Tori Peeters

Personal information
- Full name: Victoria Elise Moorby
- Born: Victoria Elise Peeters 17 May 1994 (age 32)
- Spouse: Cam Moorby ​(m. 2024)​

Sport
- Country: New Zealand
- Sport: Track and Field
- Event: Javelin throw

Achievements and titles
- National finals: Javelin throw champion (2012, 2014, 2015, 2018, 2020, 2022, 2023, 2024, 2025, 2026)
- Personal bests: Javelin: 63.26m (Yokohama, 2023) NR

Medal record
Women's athletics
Representing New Zealand
Commonwealth Games
| Silver medal – second place | 2026 Glasgow | Javelin throw |
Oceania Championships
| Gold medal – first place | 2026 Darwin | Javelin throw |

= Tori Peeters =

New Zealand javelin thrower (born 1994)

Victoria Elise Moorby (née Peeters; born 17 May 1994) is a New Zealand athlete who is national record holder and a multiple national champion in the javelin throw.

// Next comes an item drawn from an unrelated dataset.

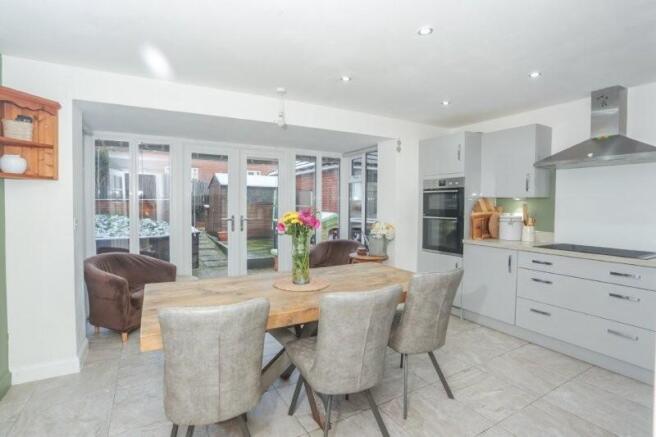 4 bed Detached for sale Image 9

==Early life and education==
Peeters grew up from Gore and was educated at St Peter's College, Gore. She studied at the University of Otago in Dunedin, graduating with a Bachelor of Physical Education degree in 2017, and was then based in Cambridge, working at St Peter's School.

==Athletics career==
Peeters broke the New Zealand national record for javelin throw for the time in March 2014, with a throw of 54.45m, breaking Kirsten Hellier’s previous record set in 1999.

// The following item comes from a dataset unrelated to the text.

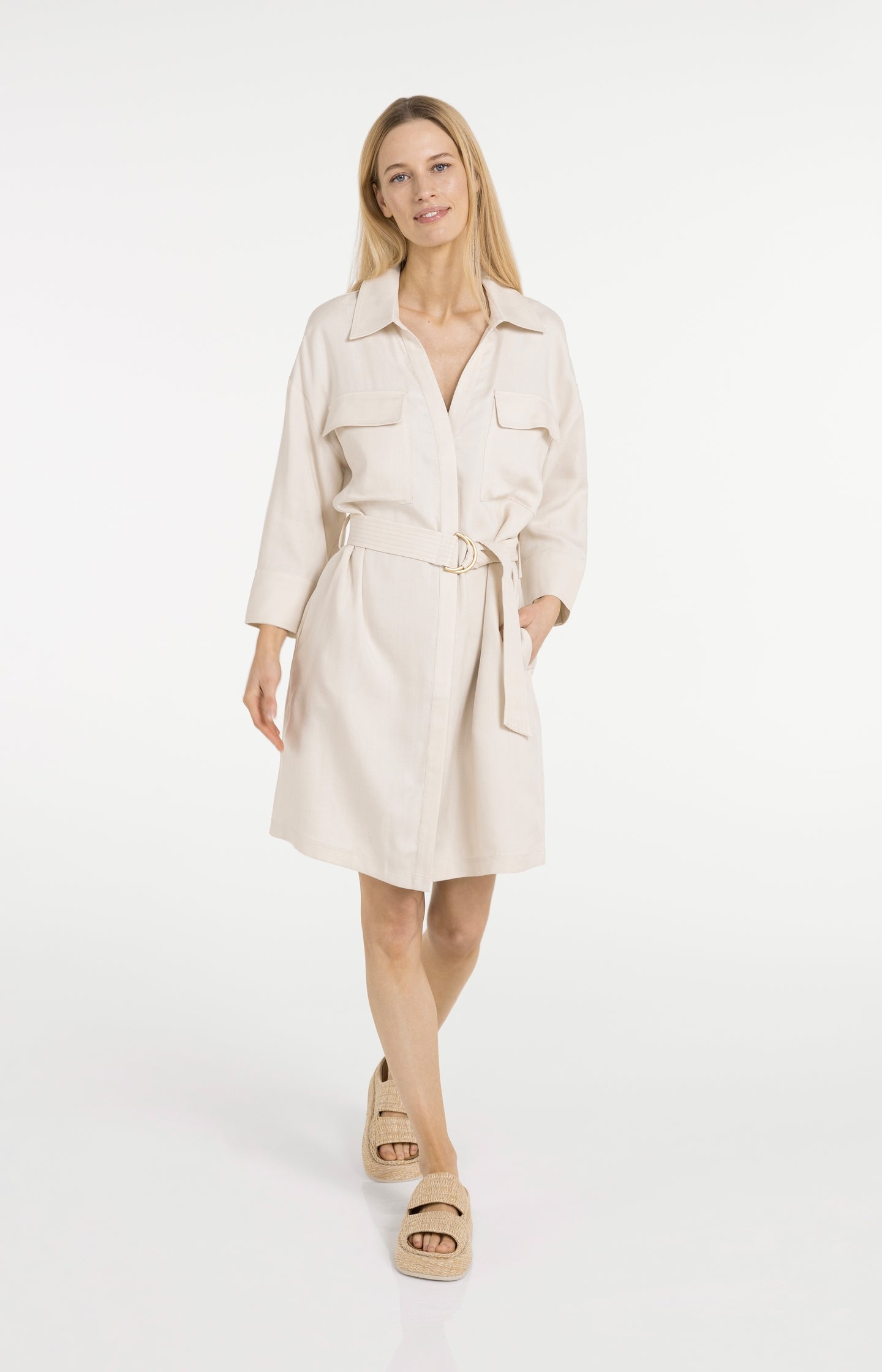 Short linen dress with belt and chest pockets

At the Sydney Track Classic in February 2020, Peeters threw a personal best 62.04m which improved her own national record and placed her fifteenth for the year worldwide. Peeters was not selected for the 2020 New Zealand Olympic team, which was controversial for some.

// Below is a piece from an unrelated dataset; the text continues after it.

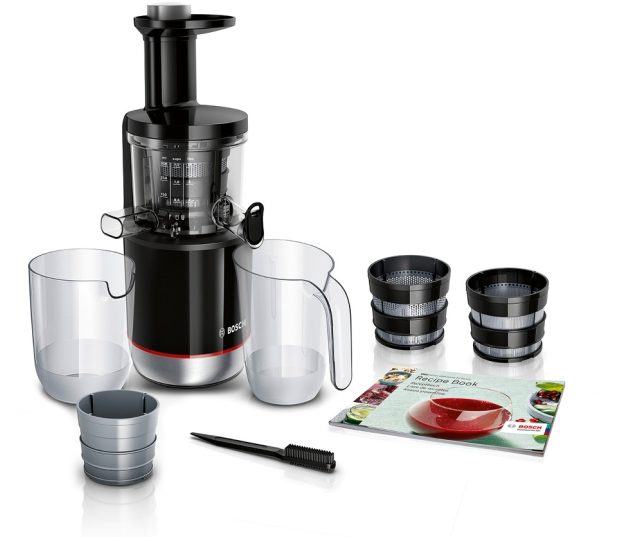 Bosch MESM731M slow juicer met verschillende fruit- en sapresultaten in glazen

In 2022, Peeters won the Oceanic Championship and competed for New Zealand at the 2022 World Athletics Championships where she placed 24th. She achieved sixth place in the final of the women’s javelin at the 2022 Commonwealth Games in Birmingham. In May 2023, she threw a new national record of 63.26m at the Yokohama Grand Prix, Japan.

Competing at the 2023 World Athletics Championships in Budapest, she finished 7 cm away from qualifying for the final.

In April 2024, she was named in the preliminary New Zealand squad for the 2024 Olympic Games. The following month, she finished third at Golden Grand Prix in Tokyo with a throw of 61.26 metres. She competed in the javelin at the 2024 Summer Olympics in Paris in August 2024.

She finished runner-up in the javelin throw event at the 2025 Xiamen Diamond League, China, in April 2025. She finished seventh at the 2025 Shanghai Diamond League event in China on 3 May 2025. She competed at the 2025 World Athletics Championships in Tokyo, Japan, placing seventh in the final.

Moorby won the javelin title at the 2026 New Zealand Athletics Championships in Auckland, throwing 58.78 metres. In May, she won the gold medal at the 2026 Oceania Athletics Championships in Darwin, Australia with a throw of 60.40 metres. On 1 August, Moorby won the silver medal at the 2026 Commonwealth Games in Glasgow, with a third-round throw of 60.44m.

==Personal life==
In December 2024, Peeters married Cam Moorby at a rural wedding venue near Karapiro; their marriage celebrant was Sarah Cowley Ross. She has subsequently competed under her married name, Tori Moorby.